We seem, however, to meet here, in relation to science and art, a difficulty which threatens our whole theory. Can it be claimed, it may be asked, that devotion to science or art constitutes goodness in the same sense that devotion to the interests of one's family or state constitutes it? No one doubts that a good father or a good citizen is a good man, in so far forth. Are we ready to say that a good chemist or good carpenter, or good musician is, in so far, a good man? In a word, is there not a reference to the good of persons present in one case and absent in another, and does not its absence preclude the scientific and artistic activities from any share, as such, in the moral end?
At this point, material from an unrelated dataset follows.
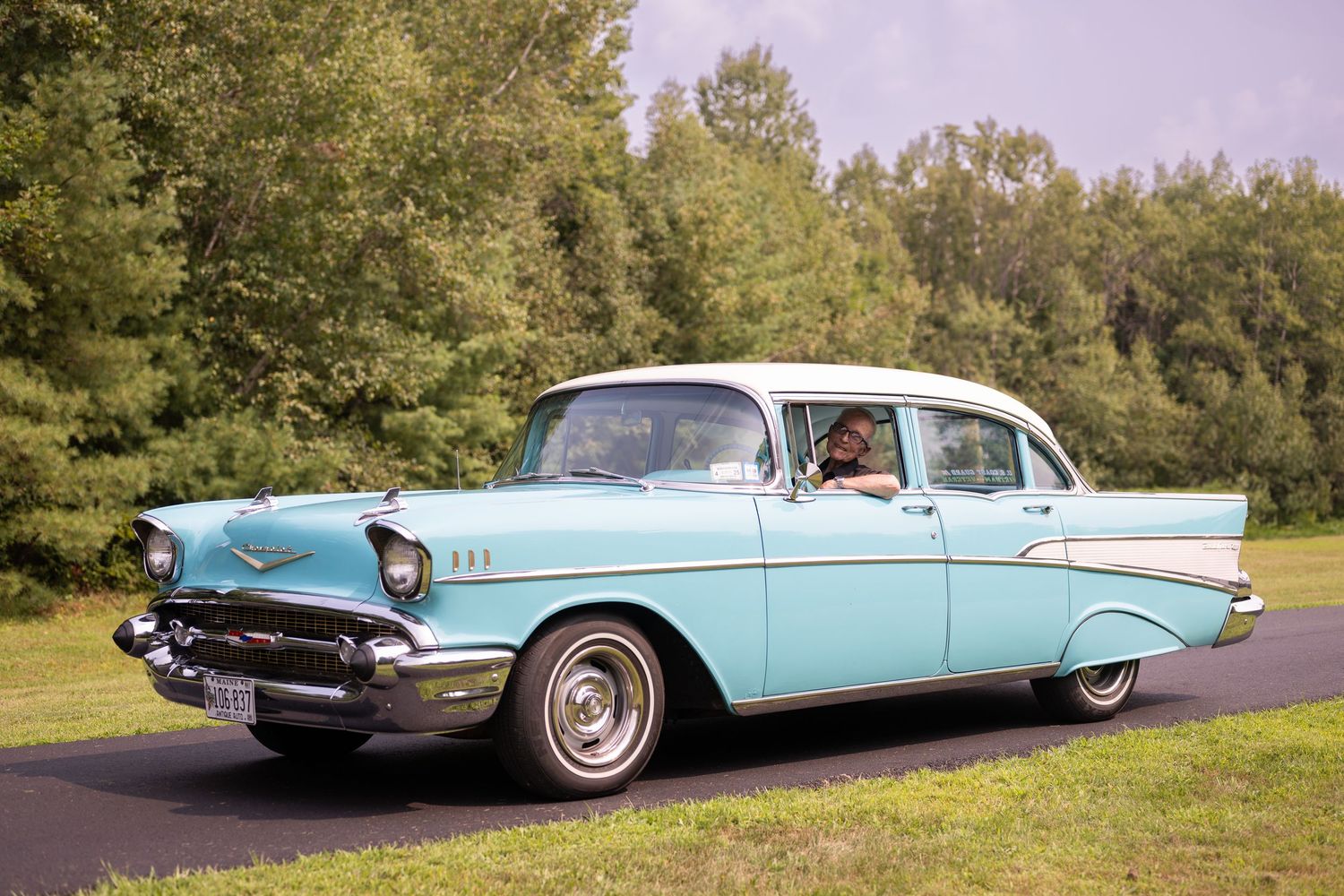Classic turquoise Chevrolet cars lined up on display at an outdoor event.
It must be remembered that the moral end does not refer to some consequence which happens, de facto, to be reached. It refers to an end willed; i.e., to an idea held to and realized as an idea. And this fact shows us the way to meet the query, in part at least. If, when we say good carpenter, or good merchant, we are speaking from the standpoint of results, independently of the idea conceived as end in the mind of the agent; if we mean simply, 'we like what that man does', then the term good has no moral value. A man may paint 'good' pictures and not be, in so far, a good man, but in this sense a man may do a great deal of 'good', and yet not be a good man. It was agreed at the outset that moral goodness pertains to the kind of idea or end which a man clings to, and not to what he happens to effect visibly to others.

If a scientific man pursues truth as a mere means to reputation, to wealth, etc., we do not (or should not) hesitate to call him immoral.
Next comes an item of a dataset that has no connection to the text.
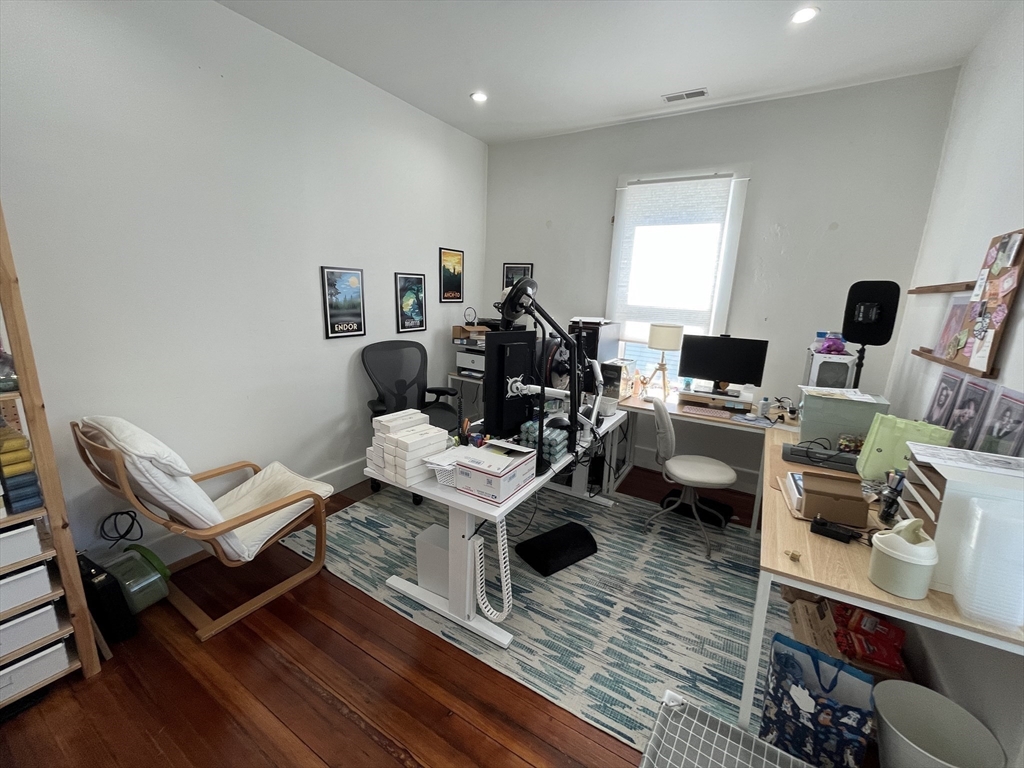 48 Sheffield Road, Unit 2 Boston, MA 02131 - Photo 10 of 18 a living room with furniture a rug and a wooden floor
This does not mean that if he thinks of the reputation, or of wealth, he is immoral, for he may foresee wealth and the reputation as necessarily bound up in what he is doing; it may become a part of the end. It means that if knowledge of truth is a mere means to an end beyond it, the man is immoral.

What reason is there why we should not call him moral if he does his work for its own sake, from interest in this cause which takes him outside his "own miserable individuality", in Mill's phrase? After all, the phrase a 'good father' means but a character manifesting itself in certain relations, as is right according to these relations; the phrase has moral significance not in itself, but with reference to the end aimed at by character. And so it is with the phrase 'a good carpenter.' That also means devotion of character to certain outer relations for their own sake. These relations may not be so important, but that is not lack of moral meaning.

XXXVII.

Adjustment to Environment.

So far we have been discussing the moral ideal in terms of its inner side—capacity, interest. We shall now discuss it on its outer or objective side—as 'adjustment to environment' in the phrase made familiar by the evolutionists. Certain cautions, however, must be noted in the use of the phrase. We must keep clearly in mind the relativity of environment to inner capacity; that it exists only as one element of function. Even a plant must do something more than adjust itself to a fixed environment; it must assert itself against its surroundings, subordinating them and transforming them into material and nutriment; and, on the surface of things, it is evident that transformation of existing circumstances is moral duty rather than mere reproduction of them. The environment must be plastic to the ends of the agent.

But admitting that environment is made what it is by the powers and aims of the agent, what sense shall we attribute to the term adjustment? Not bare conformity to circumstances, nor bare external reproduction of them, even when circumstances are taken in their proper moral meaning. The child in the family who simply adjusts himself to his relationships in the family, may be living a moral life only in outward seeming. The citizen of the state may transgress no laws of the state, he may punctiliously fulfill every contract, and yet be a selfish man. True adjustment must consist in willing the maintenance and development of moral surroundings as one's own end. The child must take the spirit of the family into himself and live out this spirit according to his special membership in the family. So a soldier in the army, a friend in a mutual association, etc. Adjustment to intellectual environment is not mere conformity of ideas to facts. It is the living assimilation of these facts into one's own intellectual life, and maintaining and asserting them as truth.

There are environments existing prior to the activities of any individual agent; the family, for example, is prior to the moral activity of a child born into it, but the point is to see that 'adjustment', to have a moral sense, means making the environment a reality for one's self. A true description of the case would say that the child takes for his own end, ends already existing for the wills of others. And, in making them his own, he creates and supports for himself an environment that already exists for others. In such cases there is no special transformation of the existing environment; there is simply the process of making it the environment for one's self. So in learning, the child simply appropriates to himself the intellectual environment already in existence for others. But in the activity of the man of science there is more than such personal reproduction and creation; there is increase, or even reconstruction of the prior environment. While the ordinary citizen hardly does more than make his own the environment of ends and interests already sustained in the wills of others, the moral reformer may remake the whole. But whether one case or the other, adjustment is not outer conformity; it is living realization of certain relations in and through the will of the agent.